Geo Maher: “Yes, just like the prison, so too, with the police. The very idea of the penitentiary was seen as this, in some ways, gentler form of isolation that American religious fanatics thought would be helpful to individuals. And we know it’s utterly devastating and destructive psychologically. The police are synonymous with reform; they emerged as a reform. The constant waves of reforms often tried to propose the same things. They call it professionalization but it looks like militarization. They’ve been increasingly structured along the lines of colonial occupying forces elsewhere. And the police argument is always, “We just need more reform and then we’ll be able to finally deliver on what we promised, which is public safety.” Which is never delivered. The magic of police rhetoric is that they can point toward violence, which in theory should be understood as a failure of policing. And they use that to say, “We need more police.” It’s really an astonishing bit of magic. But that doesn’t get us out of the question of how to engage with actual concrete changes and proposals for change in the present. Which is why people are consistently struggling to distinguish between good reforms and bad reforms. And whether we call them reforms is not really the question because they’re transformations, they’re changes. The question is, which of these changes help to strengthen policing in the long run, and which help to weaken them?

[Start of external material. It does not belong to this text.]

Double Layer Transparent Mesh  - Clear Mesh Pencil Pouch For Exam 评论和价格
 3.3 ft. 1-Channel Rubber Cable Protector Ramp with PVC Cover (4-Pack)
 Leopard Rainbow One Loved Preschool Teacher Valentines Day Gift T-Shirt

The fundamental distinction – there are different people who have put out lists and Mariame Kaba has a great one and Ruth Wilson Gilmore has also talked about these reformist and non-reformist reforms. Or potentially abolitionist reforms. And the question is; do they reduce encounters between people and the police? In other words, do they withdraw the police from communities? And do they reduce the power of the police? These are the real essential parameters. And through that you can distinguish between these reforms. More training means more money in the pocket of the police; it doesn’t help. Body cameras means bigger budgets, more and more millions dedicated to police, even in this case by Obama and the federal government who buy body cameras for the police that don’t help. They do not reduce force and, in some cases, they increase the use of force by police. And there’s so-called community policing. These are all ways that the police leverage reform to get bigger budgets for themselves without actually changing what they do

Things like withdrawing funding from the police – defunding – is a hugely important possibility when it comes to thinking about a change that weakens the power of the police, that withdraws funding from them. At the same time there’s a redeployment of those funds to community organizations like CAHOOTS and others to reduce the basis for police. In other words, they prevent violence and conflicts within communities from becoming violent in a way that would involve the police. Those are absolutely reforms and transformations that we should support, that we need to deepen, because you can also point to those changes and say, “Look, we’ve reduced the police budget by $10 million and guess what? Your life has not gotten worse. It’s gotten better.” You’re building a sense of community. The people intervening in your community to help prevent violence are your neighbors, your community members, and you’re building a fabric. That means that when you run into problems, conflicts or disagreements on the block you don’t need to bring the police in to mediate those. Doing so is a very dangerous phenomenon.”

 

SELF-DETERMINATION AND POWER 

JM: “Would you expand on that a little bit? One of the last chapters in the book is exactly about building communities without police. I read that for a while you were traveling back and forth from Venezuela to Oakland, checking out similarities and differences in how mutual aid community projects work in these different places, how people are dealing with violence. You also mention really great examples of self-created community groups for education, safety, welfare and healthcare like the American Indian Movement, the no-cops-zones in Philadelphia, Copwatch, indigenous restorative justice groups and the Zapatistas. And the Black Panthers are a great example that occurred right here.”

 

Geo Maher: “Yes, that’s absolutely true. For me, the way I tell it in the book is that I was living in Oakland and doing research and working with movements in Venezuelan grassroots movements. Essentially when the state abandoned them and failed to provide them anything under neoliberal structural adjustment in the 1980s and ‘90s they took matters into their own hands. They were seeing violence, particularly around the drug trade in their communities, in poor neighborhoods in barrios. And they were seeing that the police were not helping. In fact, the police were part of the problem, which is also true here. The police are embedded in organized crime and organized violence. Even when that’s not doing just their regular job of organized violence.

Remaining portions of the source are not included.